- Novo Selo na Dravi Location within Croatia
- Coordinates: 46°19′52″N 16°25′59″E﻿ / ﻿46.33111°N 16.43306°E
- Country: Croatia
- County: Međimurje County
- Municipality: Čakovec

Area
- • Total: 1.4 km^{2} (0.54 sq mi)

Population (2021)
- • Total: 557
- • Density: 400/km^{2} (1,000/sq mi)
- Time zone: UTC+1 (CET)
- • Summer (DST): UTC+2 (CEST)
- Postal code: 40000 Čakovec
- Area code: 040

= Novo Selo na Dravi =

Novo Selo na Dravi (/hr/; Drávaújfalu) is a village in Međimurje County, Croatia.

The village is located in the south-western part of Međimurje County, near Lake Varaždin, and is administratively part of the wider area of the county seat, Čakovec. It is located around 8 kilometres from the centre of the city. Novo Selo na Dravi is connected with the village of Totovec, while other nearby villages include Šandorovec and Kuršanec. The centre of Varaždin, the county seat of Varaždin County, is located around 10 kilometres from Novo Selo na Dravi. The population of the village in the 2011 census was 634. The etymology of the village comes from Slavic languages meaning new village, Novo Selo.

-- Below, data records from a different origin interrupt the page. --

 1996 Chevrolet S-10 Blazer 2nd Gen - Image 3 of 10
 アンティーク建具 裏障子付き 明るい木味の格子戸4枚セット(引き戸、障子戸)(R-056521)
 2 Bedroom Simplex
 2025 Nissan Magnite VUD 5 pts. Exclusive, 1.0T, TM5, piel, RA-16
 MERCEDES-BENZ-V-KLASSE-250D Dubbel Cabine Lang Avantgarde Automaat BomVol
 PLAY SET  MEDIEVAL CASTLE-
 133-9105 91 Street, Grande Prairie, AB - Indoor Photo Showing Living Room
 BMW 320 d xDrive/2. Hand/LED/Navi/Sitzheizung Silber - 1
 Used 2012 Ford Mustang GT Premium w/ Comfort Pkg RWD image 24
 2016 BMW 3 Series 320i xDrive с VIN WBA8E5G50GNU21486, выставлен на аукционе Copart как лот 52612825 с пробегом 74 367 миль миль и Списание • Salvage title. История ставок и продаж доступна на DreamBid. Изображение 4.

The village was known as Novo Selo until the 1948 census. In the 1857 census, it had a population of 217. By the 1900s, it was predominantly populated by Croats. In the 1910 census, it was considered part of the wider area of Varaždin. Between 1941 and 1945, it was part of Hungary, which annexed the entire Međimurje region at the time. The current name was first mentioned as the official name of the village in the 1953 census, presumably to differentiate it from Novo Selo Rok. Since the 1950s, the population of the village was constantly around 600.